[Opening DATA FOR PROCESSING section]
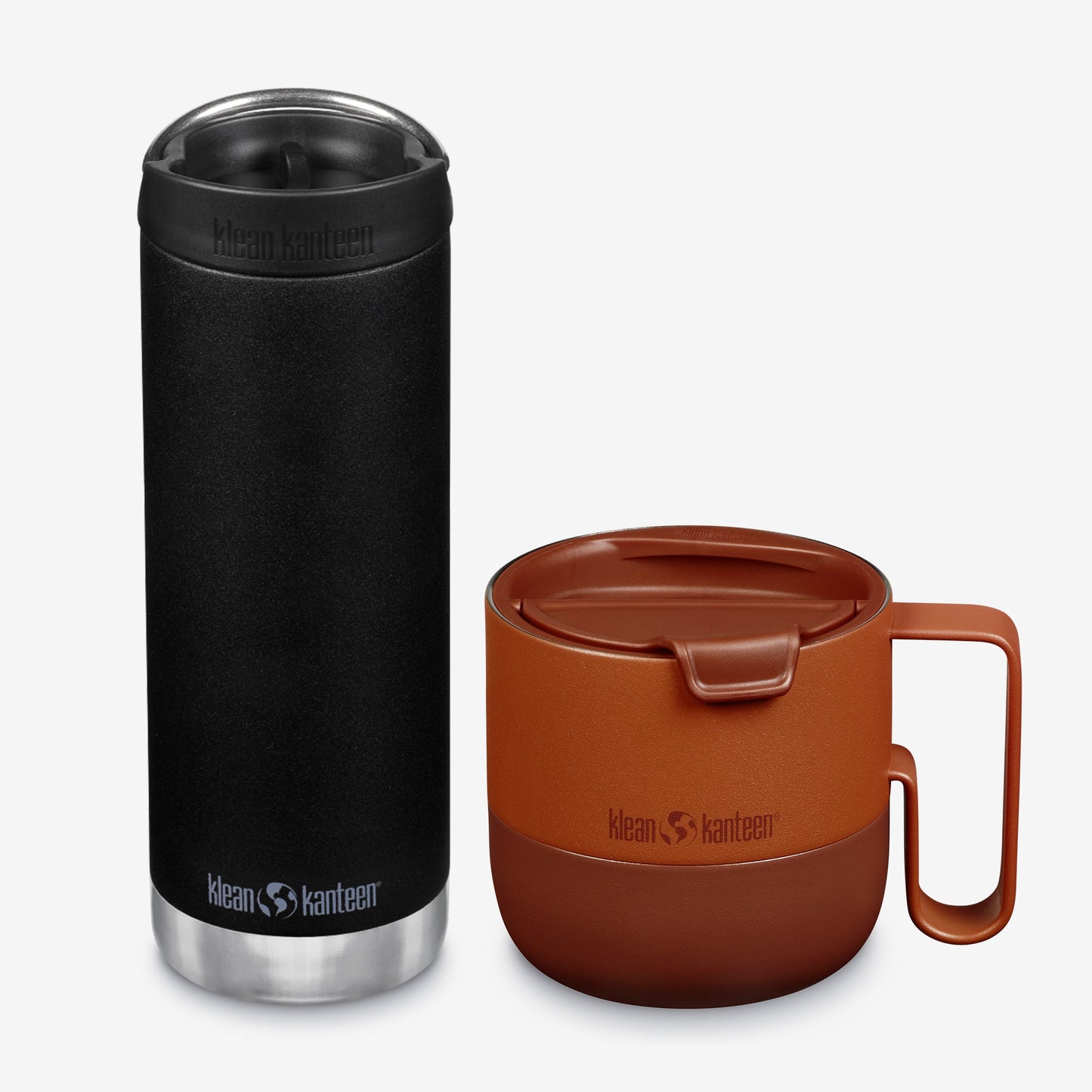 coffee-and-tea-set-s3 CoffeeandTeaSet-Black-AutumnGlaze.jpg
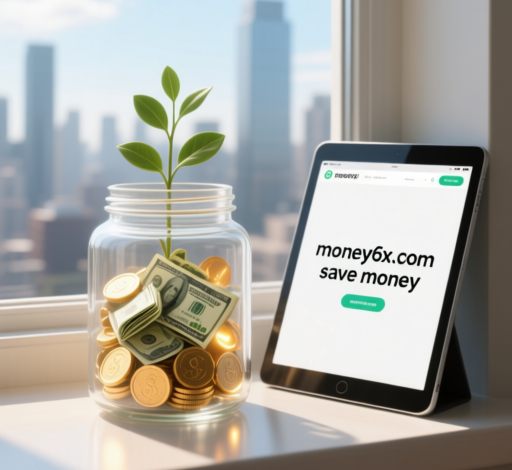 money6x.com money6x.com save money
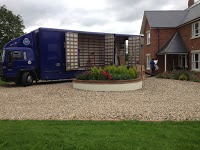 HITCHIN REMOVALS 1026632 Image 1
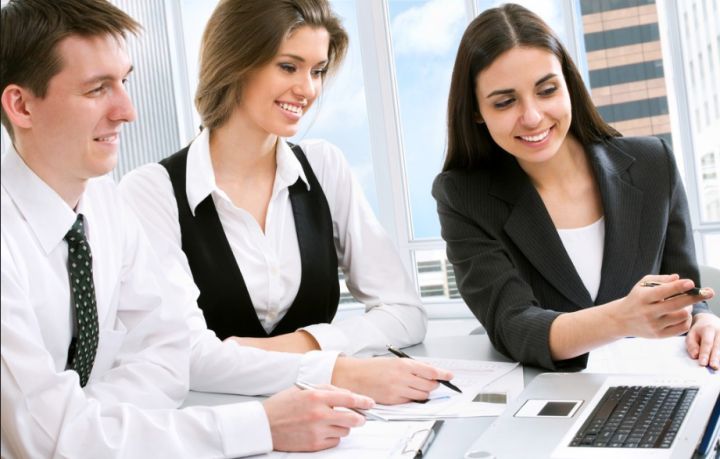 知乎危机公关怎么做好压制？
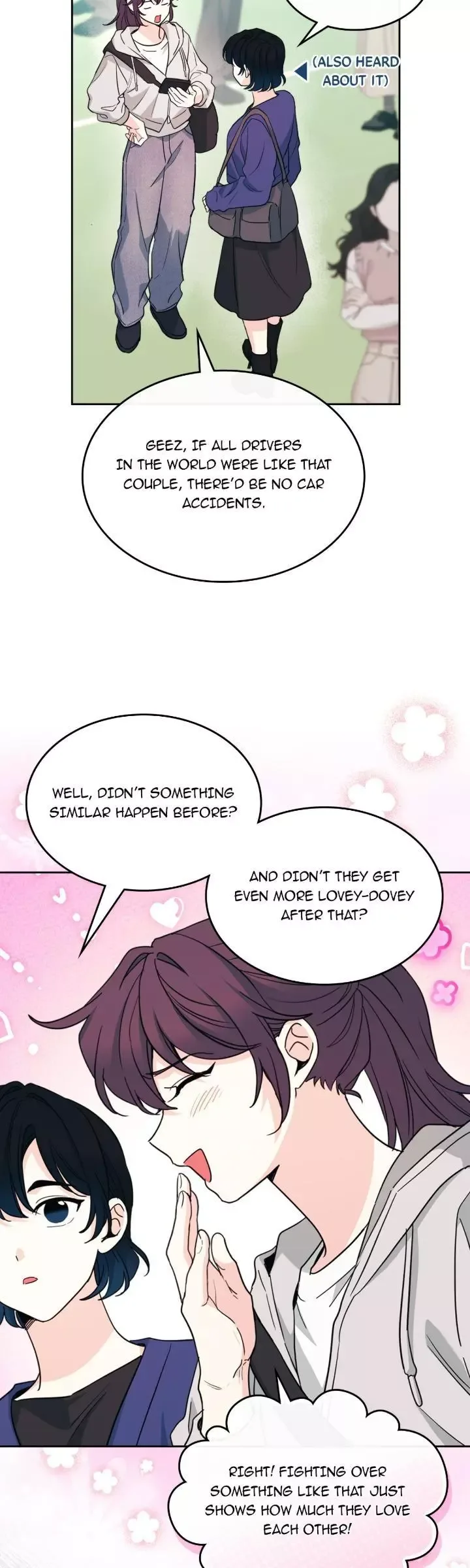 Inso's law Chapter 265 page 4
[Closing DATA FOR PROCESSING section]
→ ACTIVITY
Only the lines from the line with "HITCHIN REMOVALS 1026632 Image 1" to the end of the records should be repeated, exactly and without pictures.

→ FINAL ANSWER
 HITCHIN REMOVALS 1026632 Image 1
 知乎危机公关怎么做好压制？
 Inso's law Chapter 265 page 4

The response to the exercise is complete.